This weeks episode is the recording of a panel discussion on Ukrainian organiations access to international funding. The discussion was held on 14 March 2023 with the title: Small fish in a big pond: Ukrainian organisations’ (lack of) access to international funding. The panel is a co-production by HERE Geneva and Trumanitairan.

Val Hambye-Verbrugghen from HERE-Geneva moderated the discussion between the three panellists:

Yuliia Chykolba the co-host of the Trumanitarian podcast series on Ukraine. Yuliia was born in Dnipro, Ukraine and first became involved with humanitarian action when Russia invaded Ukraine in 2014. And has since then worked with humanitarian mine action in Ukraine, Afghanistan, Syria and Iraq. Yulia is a Chevening scholar and an alumna of the Department of War studies from King's College London. 

Marco Rotelli, who is the former UN deputy Humanitarian Coordinator for Ukraine, although Marco is speaking in his personal capacity at today's event.

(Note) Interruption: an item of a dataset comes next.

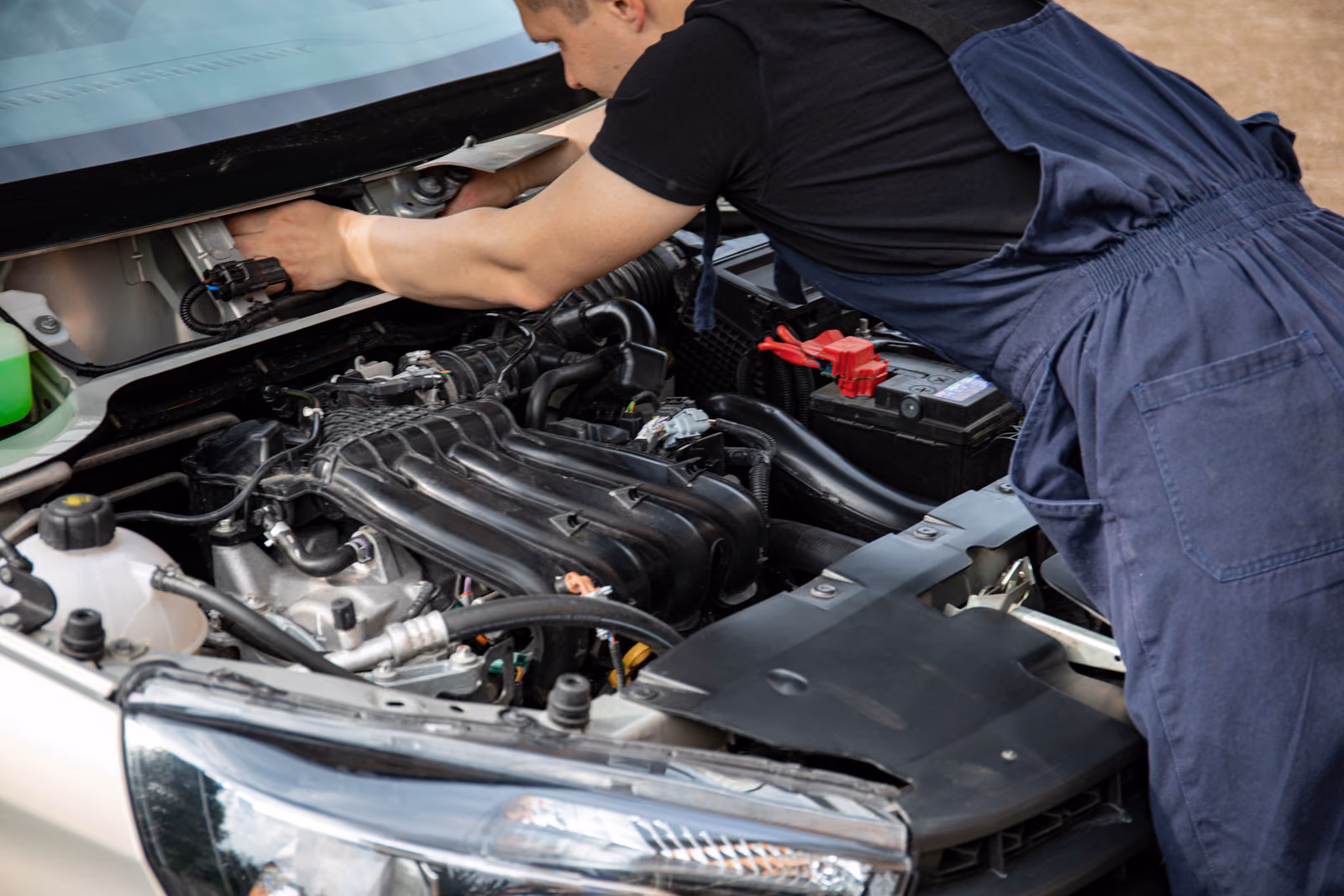 A mechanic working under the hood of a car outdoors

Prior to this role in Ukraine, Marco served as representative for Africa of the global NGO network ICVA, and in operations with NGOs and the UN in most of the major humanitarian crises since the early 2000s. 

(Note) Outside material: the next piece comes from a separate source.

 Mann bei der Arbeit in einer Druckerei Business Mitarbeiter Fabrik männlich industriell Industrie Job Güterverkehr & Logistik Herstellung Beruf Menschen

Robert Serry, who is the former first ambassador of the Netherlands to Ukraine, and chairman of the foundation, who are currently actively involved in humanitarian early reconstruction activities in Ukraine. He has past experience in international crisis management, and sorry, is an international crisis management expert who has served in senior positions both with with NATO and the UN.

The panel explored the following questions:

1. What has been your experience of Ukrainian NGOs benefiting from the promptness and generosity of the international funding response? What have been enablers or obstacles to their access to funding? To what extent are the rules and bureaucracy in place at the international level suited to fund informal/volunteer initiatives?

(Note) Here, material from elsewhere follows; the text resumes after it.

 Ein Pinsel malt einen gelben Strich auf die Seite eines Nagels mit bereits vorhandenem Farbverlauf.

2. What needs to be done to ensure a better connection between traditional agencies’ efforts and those of local volunteer groups in this crisis?

3. How has the funding volume impacted the relationship between national and local NGOs and international actors? How complementary are they?

4. An additional cut of the funding has gone to support States that neighbour Ukraine: what are the perceptions around this by different actors (local and national NGOs on either side of the border, coordination mechanisms, contributors to appeals such as those mentioned above)?

5. Is there a moral obligation to stop collecting funds in scenarios such as these, where the amount raised is enormous?